Leaders as Relationship Builder
-People are at the center of any organization. For leaders to achieve organizational goals, they
need to understand the people they are leading. To be effective, a leader has to allocate
significant time and effort to build and develop cooperative relationships with key internal and
external stakeholders. Building and maintaining relationships is a critical competence for
effective leaders. This is aimed at not just direct reports. You also need positive relations with
peers, bosses, senior leaders, people at operating levels and relevant others outside the
organization. When there is mutual trust, influence and credibility, organizational work
becomes easier. In short, relationships are critical for leadership success.

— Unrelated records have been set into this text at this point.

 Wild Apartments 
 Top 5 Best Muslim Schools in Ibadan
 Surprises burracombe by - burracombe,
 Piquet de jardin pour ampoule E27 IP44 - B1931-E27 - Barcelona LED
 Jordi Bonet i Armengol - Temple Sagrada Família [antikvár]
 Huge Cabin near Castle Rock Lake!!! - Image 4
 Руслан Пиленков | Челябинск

This module will focus on the topics of listening, coaching and feedback, delegation and
building effective teams. We also have an interview with an industry expert on building
Leader as Influencer and Collaborator
-Organizations are teams of teams. By definition, a manager gets work done not only through
one’s own resources and efforts, but also through others. In other words, you are required to
work effectively with people outside your team. These are individuals and groups within the
organization and also outside. You have to influence people at different levels and functions,
build collaborative relationships wherever possible, negotiate wisely, handle difficult
conversations and make decisions in the face of uncertainty and complexity. In this complex
arena, formal authority or position power is only a limited resource. You have to influence
without authority, and this will require you to draw on your personal power, resources and
approaches. You have to develop skills and mindsets for the challenges of managing conflict,
handling difficult conversations and carrying out effective negotiations.

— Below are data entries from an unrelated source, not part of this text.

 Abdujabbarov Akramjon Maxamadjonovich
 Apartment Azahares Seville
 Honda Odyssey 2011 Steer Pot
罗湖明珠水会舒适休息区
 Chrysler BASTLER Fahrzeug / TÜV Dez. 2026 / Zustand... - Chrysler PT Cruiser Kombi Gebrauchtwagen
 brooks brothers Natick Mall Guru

This module will deal with the topics of influence, conflict management, handling difficult
conversations, negotiation and decision making. As a part of this module, we have two
interviews – one with a negotiation expert on what it takes to be an effective negotiator, and
the second with an industry expert on the topic of complex decision making.
Leader as Change Agent
-Research and practice show that managers and organisations face huge difficulties in reaching set targets through their change management initiatives. As a frontline leader, you are expected to bring about changes without having the authority to issue orders or give directives.You won’t have all the authority and resources, and yet you would be expected to bring about effective changes in your sphere of functioning. Changes are required to respond to newer opportunities and threats faster than your competitors. You would be expected to be both change agents and bring about effective changes; and at the same time, change recipients and operate within the framework of a larger mandate or organisational direction given to you from higher levels. Not surprisingly, leading change has become a highly critical managerial competence. This module will cover Lewin’s foundational model of change, Kotter’s influential framework of change management, levels of resistance to change and change leadership competencies.